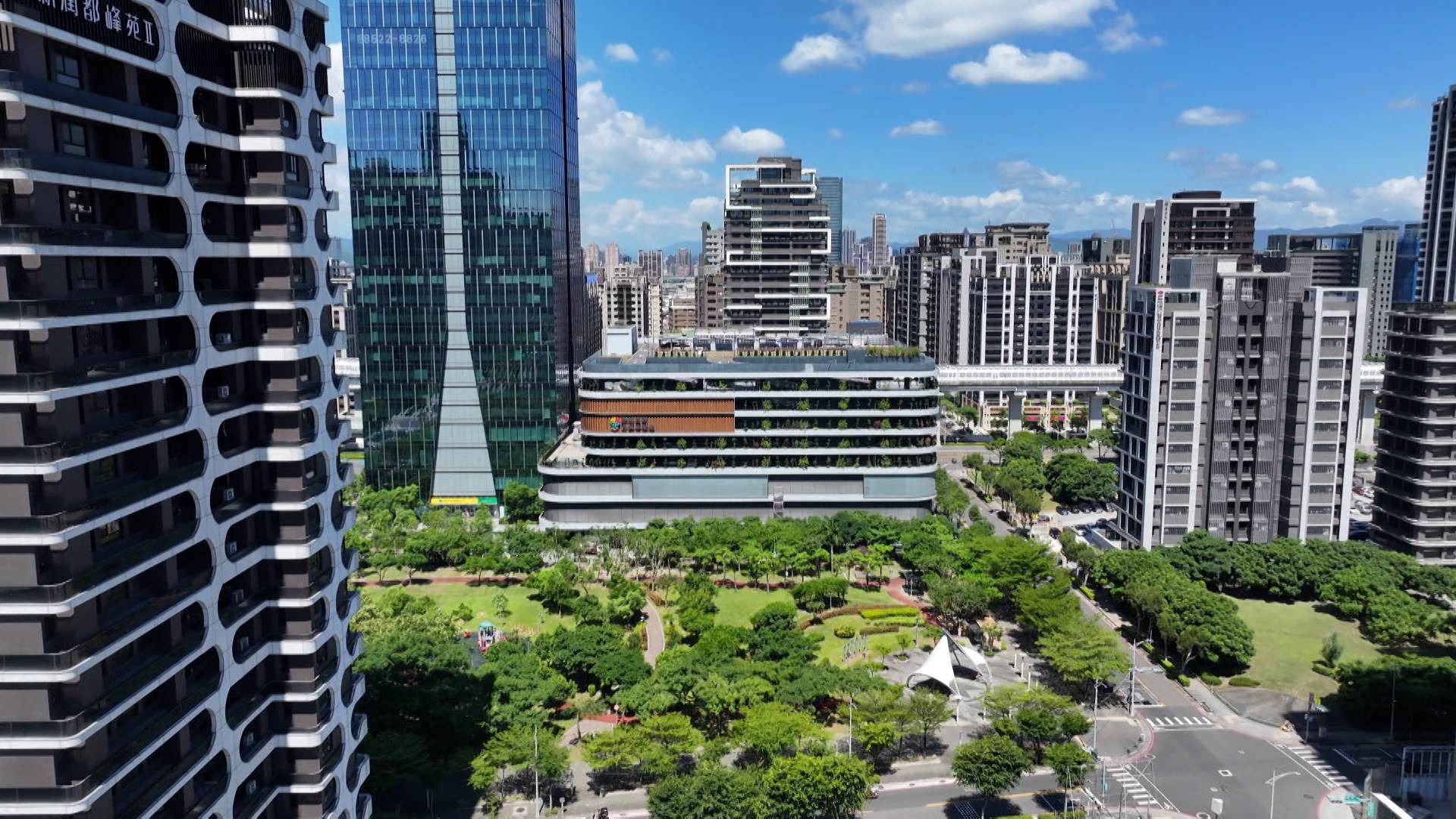 黃金軌道區!串聯3捷3快1港1機,打造商辦聚落。(圖/東森新聞)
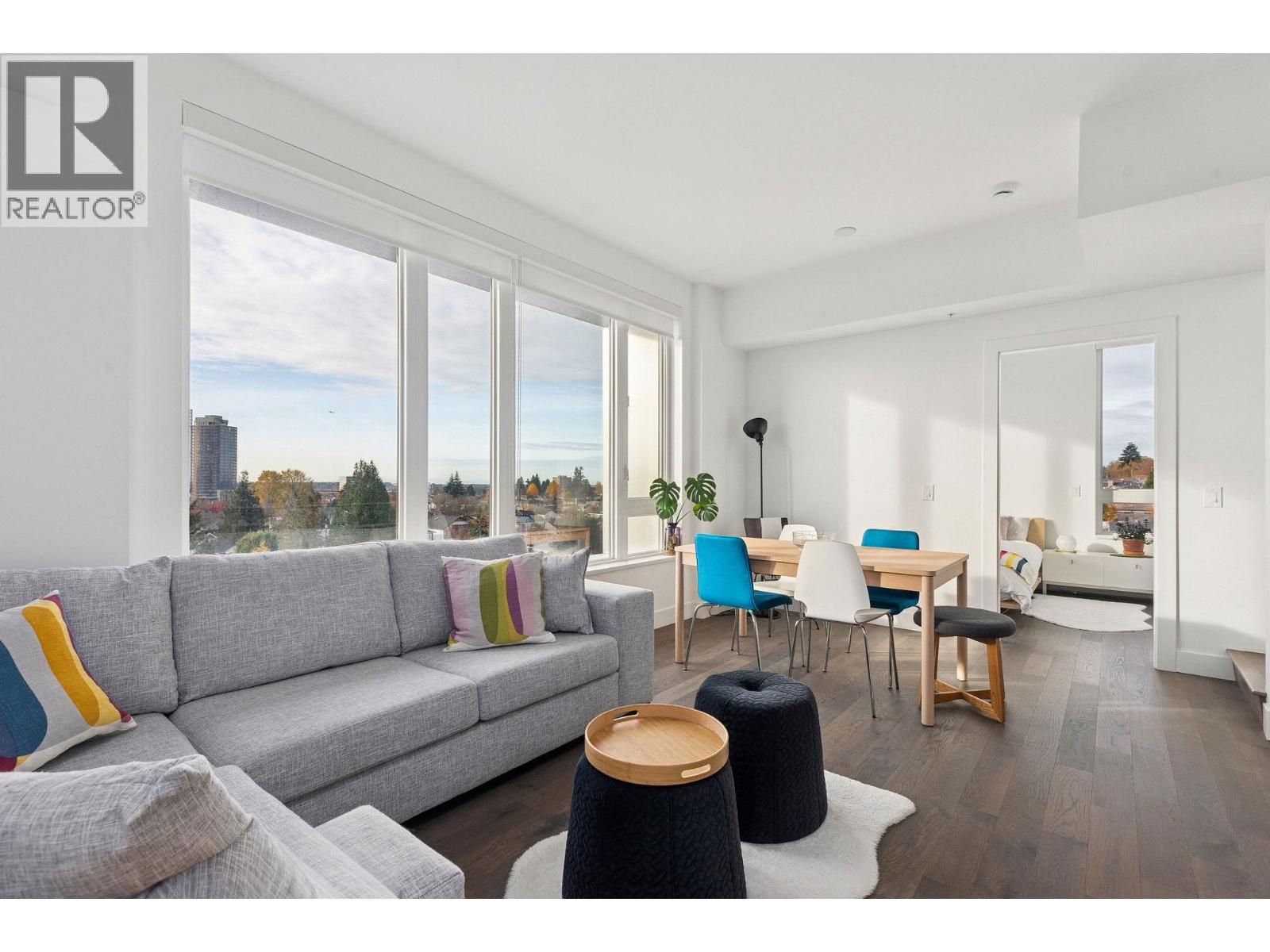 603 7777 Cambie Street Property Photo 1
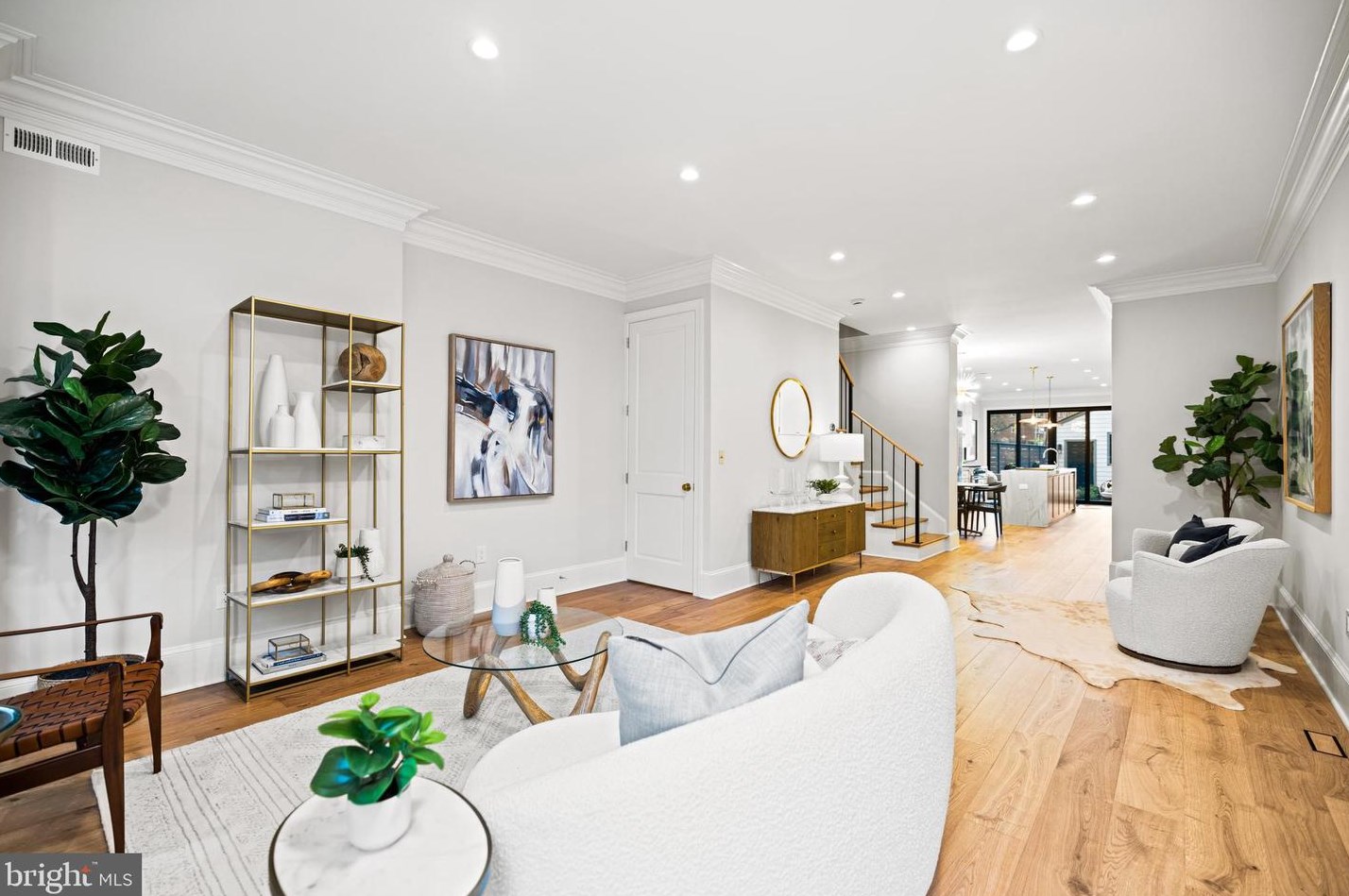 1451 Chapin St, Washington DC  20009-4510 exterior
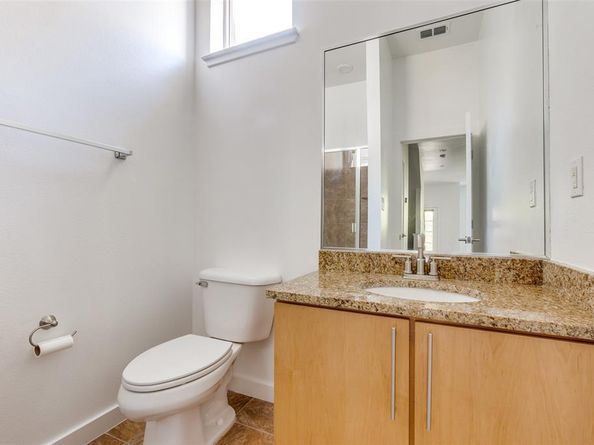 3800  Holland Avenue  5, Dallas Texas 75219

What to work on:
This task asks for the data above repeated exactly, without a single picture.

Written answer:
 黃金軌道區!串聯3捷3快1港1機,打造商辦聚落。(圖/東森新聞)
 603 7777 Cambie Street Property Photo 1
 1451 Chapin St, Washington DC  20009-4510 exterior
 3800  Holland Avenue  5, Dallas Texas 75219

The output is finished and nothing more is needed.